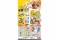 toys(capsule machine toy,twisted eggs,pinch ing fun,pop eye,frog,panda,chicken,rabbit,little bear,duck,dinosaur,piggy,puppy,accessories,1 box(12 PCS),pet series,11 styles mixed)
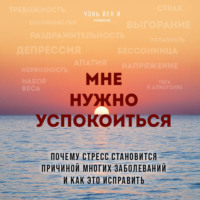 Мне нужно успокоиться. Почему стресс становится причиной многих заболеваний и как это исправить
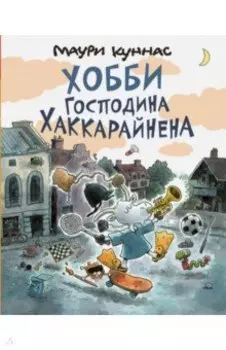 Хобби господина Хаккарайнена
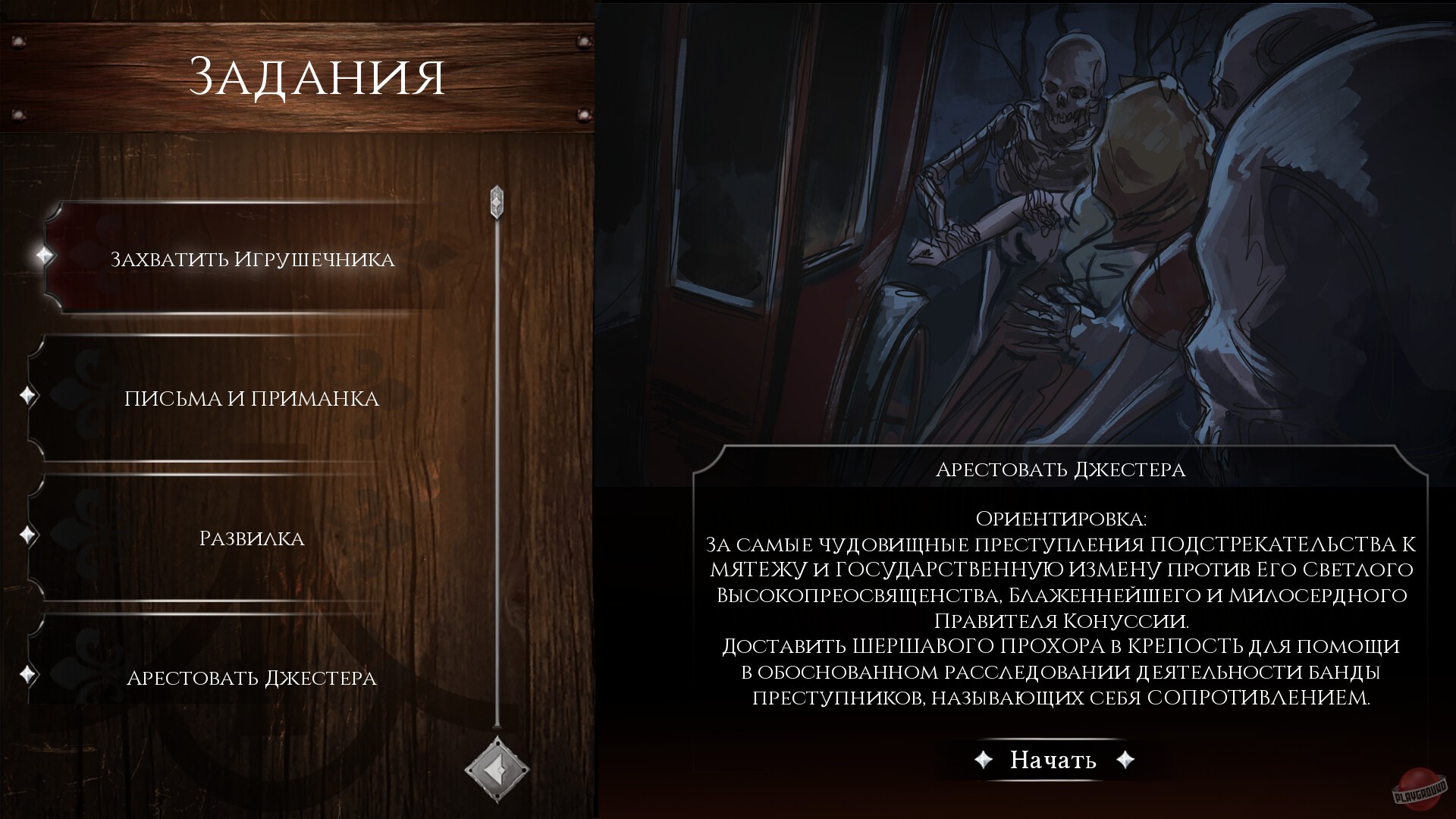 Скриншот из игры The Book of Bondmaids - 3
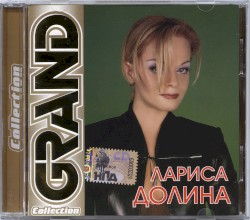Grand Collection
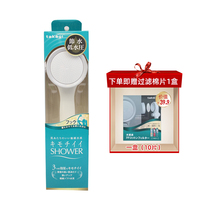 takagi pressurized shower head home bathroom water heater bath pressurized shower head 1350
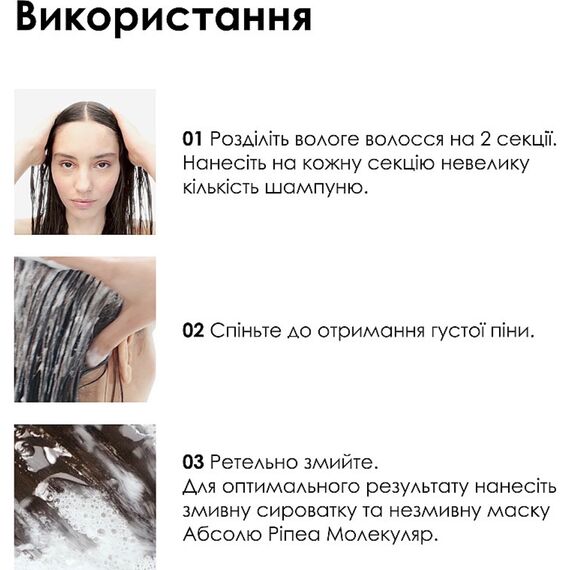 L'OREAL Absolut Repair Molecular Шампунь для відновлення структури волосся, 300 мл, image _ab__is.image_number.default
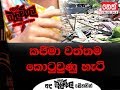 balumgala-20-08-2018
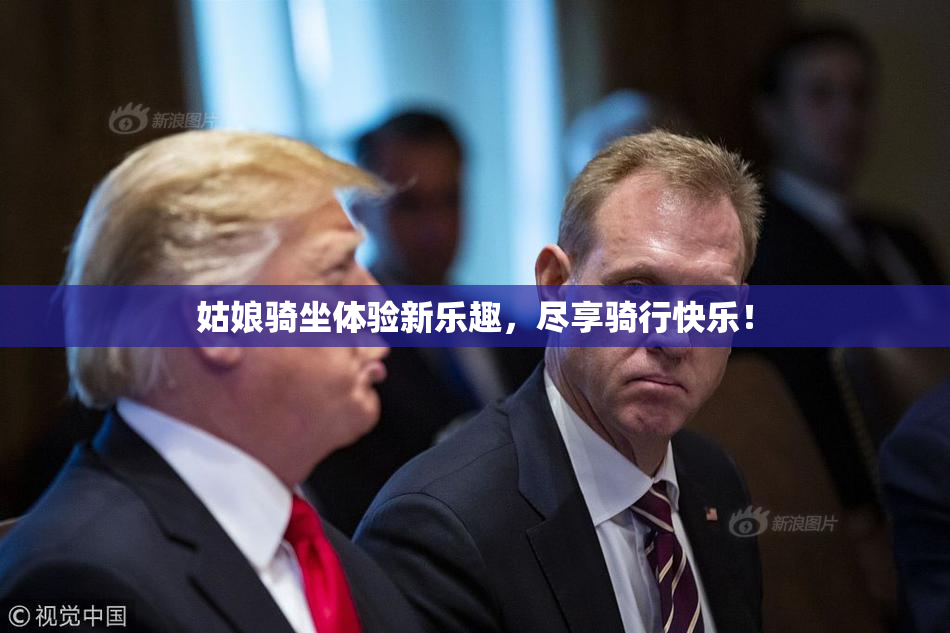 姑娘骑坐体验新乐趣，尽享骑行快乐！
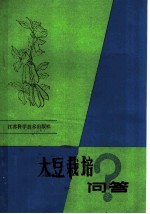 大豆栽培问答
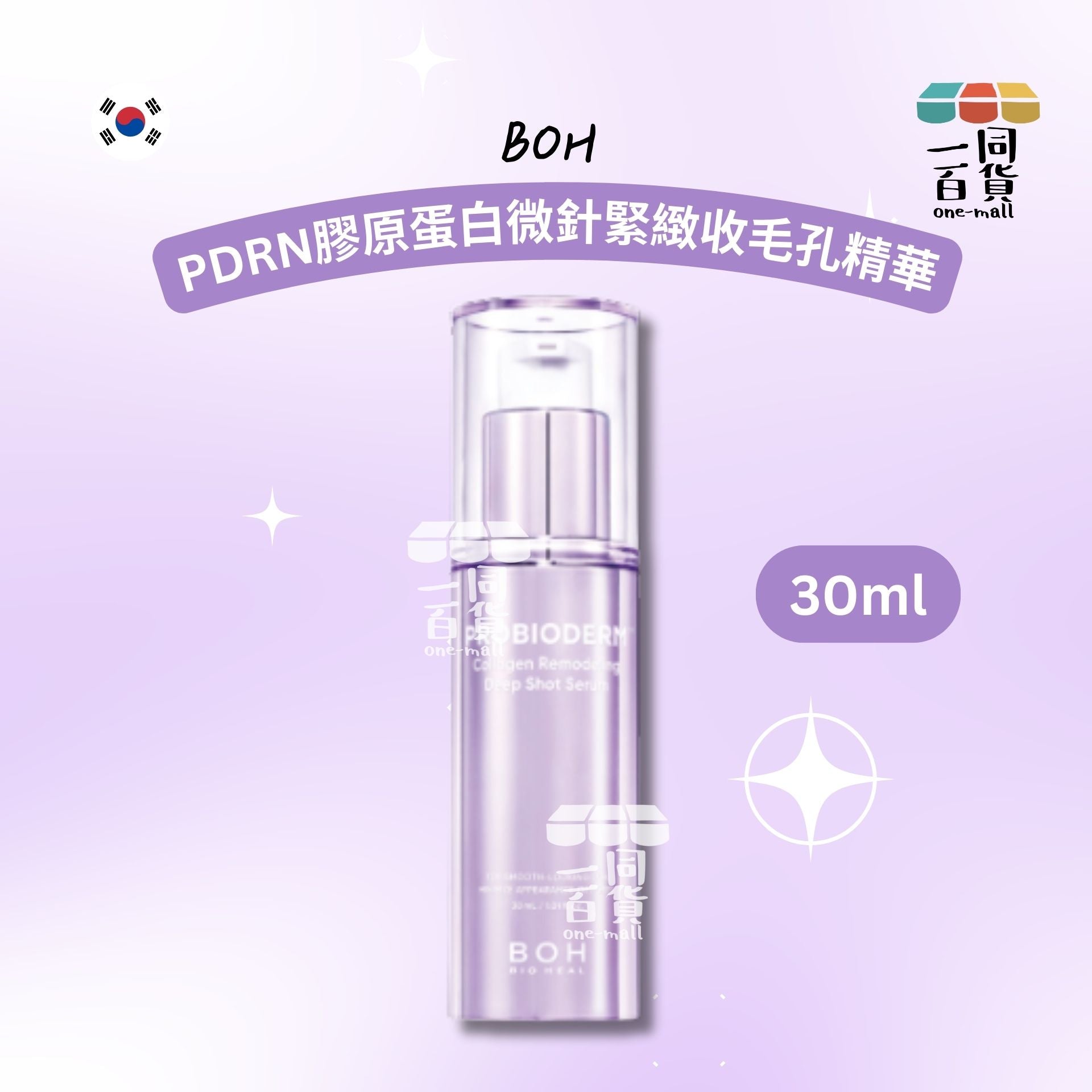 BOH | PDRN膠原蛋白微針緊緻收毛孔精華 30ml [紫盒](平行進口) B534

---

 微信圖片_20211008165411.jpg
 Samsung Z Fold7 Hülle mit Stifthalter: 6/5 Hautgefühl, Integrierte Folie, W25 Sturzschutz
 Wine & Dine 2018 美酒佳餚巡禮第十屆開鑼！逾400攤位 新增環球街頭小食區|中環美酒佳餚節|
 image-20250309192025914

> [Problem] Write down exactly what the lines above say, from the line holding "toys(capsule machine toy,twisted" through the line holding "BOH | PDRN膠原蛋白微針緊緻收毛孔精華 30ml [紫盒](平行進口) B534", and nothing more. Do not copy the pictures.

> [Answer area]
 toys(capsule machine toy,twisted eggs,pinch ing fun,pop eye,frog,panda,chicken,rabbit,little bear,duck,dinosaur,piggy,puppy,accessories,1 box(12 PCS),pet series,11 styles mixed)
 Мне нужно успокоиться. Почему стресс становится причиной многих заболеваний и как это исправить
 Хобби господина Хаккарайнена
 Скриншот из игры The Book of Bondmaids - 3
Grand Collection
 takagi pressurized shower head home bathroom water heater bath pressurized shower head 1350
 L'OREAL Absolut Repair Molecular Шампунь для відновлення структури волосся, 300 мл, image _ab__is.image_number.default
 balumgala-20-08-2018
 姑娘骑坐体验新乐趣，尽享骑行快乐！
 大豆栽培问答
 BOH | PDRN膠原蛋白微針緊緻收毛孔精華 30ml [紫盒](平行進口) B534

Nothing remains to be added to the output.